The costs and expenses of enforcing this right of indemnification shall also
be
paid by the Company, SweetskinZ, Belmont and Alberdale, on a joint and several
basis.
(b) Specific
Duties; No Liability.
Escrow
Agent’s duties are only such as are specifically provided herein and Escrow
Agent is not charged with any duties or responsibilities in connection with
any
other agreement. Escrow Agent shall incur no liability whatsoever to the
parties, except for liability resulting solely from the gross negligence or
willful misconduct of the Escrow Agent. The Escrow Agent shall have no
responsibility hereunder other than to follow faithfully the instructions herein
contained.
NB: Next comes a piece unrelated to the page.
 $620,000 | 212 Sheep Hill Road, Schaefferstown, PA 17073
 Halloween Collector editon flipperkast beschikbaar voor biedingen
The Escrow Agent may consult with counsel (which may be members
of
its own firm) and shall be fully protected in any action taken in good faith
in
accordance with such advice. The Escrow Agent shall be fully protected in acting
in accordance with any written instructions given to it hereunder and believed
by it to have been executed by the proper parties.
(c) Fees.
If
Escrow Agent believes it to be reasonably necessary to consult with counsel
concerning any of its duties hereunder, or if Escrow Agent becomes involved
in
litigation as a result of acting as Escrow Agent hereunder, then in either
case,
the costs, expenses, and reasonable attorneys' fees of Escrow Agent shall be
borne by the Company, SweetskinZ, Belmont and Alberdale, on a joint and several
basis.
(d) Disputes.
It is
understood and agreed that should any dispute arise with respect to the payment,
ownership, or right of possession of the Escrow Fund, Escrow Agent is authorized
and directed to retain in its possession, without liability to anyone, all
or
any part of the Escrow Fund until such dispute shall have been settled either
by
mutual agreement by the parties concerned, by the making of a final written
arbitration award or by the entering of a final non-appealable order of court,
but Escrow Agent shall be under no duty whatsoever to institute or defend any
such proceedings.
(e) Succession.
If the
Escrow Agent resigns (which it may do at any time for any reason whatsoever)
or
is otherwise unable to serve as Escrow Agent hereunder, its successor shall
be
designated in writing by the Company, SweetskinZ, Belmont and Alberdale.
12
4. Notices.
All
notices, consents or other communications required or permitted to be given
under this Agreement shall be in writing and shall be deemed to have been duly
given (a) when delivered personally, (b) three business days after being mailed
by first class certified mail, return receipt requested, postage prepaid, (c)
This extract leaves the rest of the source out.